As the night nears its end, the animals have only enough magic dust for one last trip. Putting aside their desire to go home, they return to Madagascar to rescue Santa Claus. They run out of dust and crash into him, restoring his memory. He thanks the animals for making his deliveries and takes Julien off the naughty list. However, the animals have overlooked a bag for Liechtenstein, so Santa Claus switches to a reserve tank to make the trip before the animals can ask for a ride. The animals resolve to enjoy their Christmas in Madagascar, but King Julien throws a coconut at Alex to get back on the naughty list, causing a lump on his head and amnesia, like Santa Claus before him.

==Cast==
- Ben Stiller as Alex the lion.
- Chris Rock as Marty the zebra.
- David Schwimmer as Melman the giraffe.
- Jada Pinkett Smith as Gloria the hippopotamus.
- Danny Jacobs as King Julien XIII the ring-tailed lemur.
- Cedric the Entertainer as Maurice the aye-aye.
- Andy Richter as Mort the mouse lemur.
- Carl Reiner as Santa Claus.
- Tom McGrath as Skipper the penguin.
- Chris Miller as Kowalski the penguin.
- Christopher Knights as Private the penguin.
- Nina Dobrev as Cupid the reindeer.
- Willow Smith as Abby.
- Jim Cummings as Donner, the lead reindeer.

Note: Rico the penguin appears, but has no dialogue.

==Awards==
Merry Madagascar was nominated for six Annie Awards, and won one award for Storyboarding in a Television Production.

| Award ! | Recipient(s) | Result |
| Best Animated Television Production | DreamWorks Animation | Nominated |
| Character Animation in a Television Production | Kevan Shorey | Nominated |
| Character Design in a Television Production | Craig Kellman | Nominated |
| Storyboarding in a Television Production | Robert Koo | Won |
| Voice Acting in a Television Production | Danny Jacobs (Voice of King Julien) | Nominated |
| Willow Smith (Voice of Abby) | Nominated |

==Home media==
Merry Madagascar was released on DVD in the United States on November 18, 2009, exclusively at stores of Walmart, and it was widely released on October 11, 2011. The special was released on Blu-ray and DVD on October 30, 2012, as part of compilation titled Dreamworks Holiday Classics.
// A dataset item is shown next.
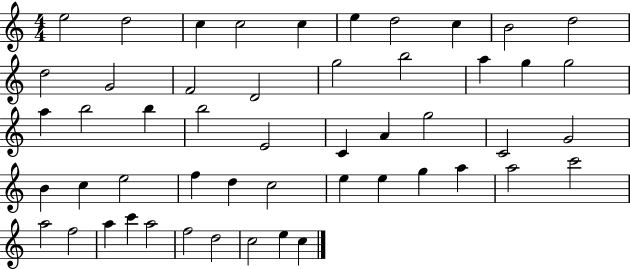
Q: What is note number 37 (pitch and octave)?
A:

It was re released on DVD on October 1, 2013, along with DreamWorks Animation's other holiday specials Shrek the Halls, Kung Fu Panda Holiday, and Dragons: Gift of the Night Fury, along with feature film The Croods.

==Partnership ==
In July 2011, as part of a strategic partnership between DreamWorks Animation and Gaylord Hotels, Merry Madagascar was presented as the theme of the ICE! exhibit at Gaylord's hotels in Nashville and Maryland. In this presentation, the plot of the film is told through a series of ice sculptures that visitors walk past.